1090 Plus two fork tree

1090 plus two fork tree

2003 NOIP National League Improvement Group

time limit: 1 sspace limit: 128000 KBtitle level: Diamonds Diamond SolvingTitle Description Description

The mid-order traversal of a two-ary tree with an n node is (l,2,3,..., N), where the number,..., n is a node number. Each node has a fraction (all positive integers), the score for the J node is di,tree and each of its subtrees has an extra point, and any subtrees tree subtree (also including the tree itself) is calculated as follows:

Subtree The xsubtree of the right subtree of the left sub-tree and the score of the root of the +subtree.

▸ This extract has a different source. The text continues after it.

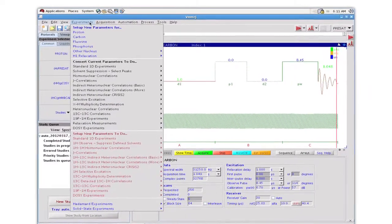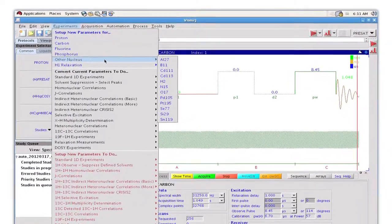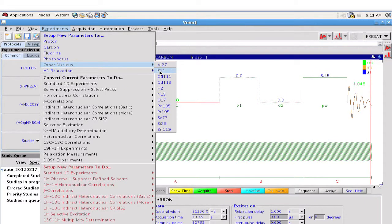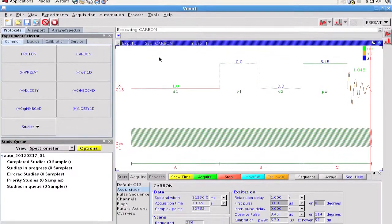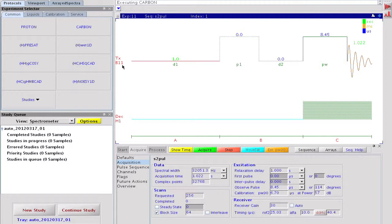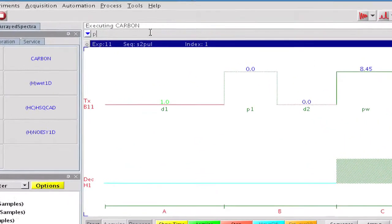First, we go to the experiment menu and request B11 detection. We do not yet have a B11 parameter set, therefore, the default C13 parameters are recalled and the transmitter nucleus gets converted to B11, defining the proper spectrometer frequency. We start from here and build a parameter set for B11, either based on experience or on literature data.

If a subtree is dominated, it is specified to be divided into 1, and the addition of leaves is the fraction of the leaf node itself. Without regard to its emptiness

Subtree

Try to find a tree of two trees that matches the middle order traversal (,..., N) and has the highest added score. Required output;

(1) Maximum bonus points for tree

(2) The tree's pre-sequence traversal

Now, please help your good friend XZ design a program to get the right answer.

Enter a description Input Description

Line 1th: An integer n (n<=30), which is the number of nodes.

Line 2nd: n spaces separated by integers, for each node's score (fractional <=100)

Output description Output Description

Line 1th: An integer that is the highest plus score (the result will not exceed 4,000,000,000).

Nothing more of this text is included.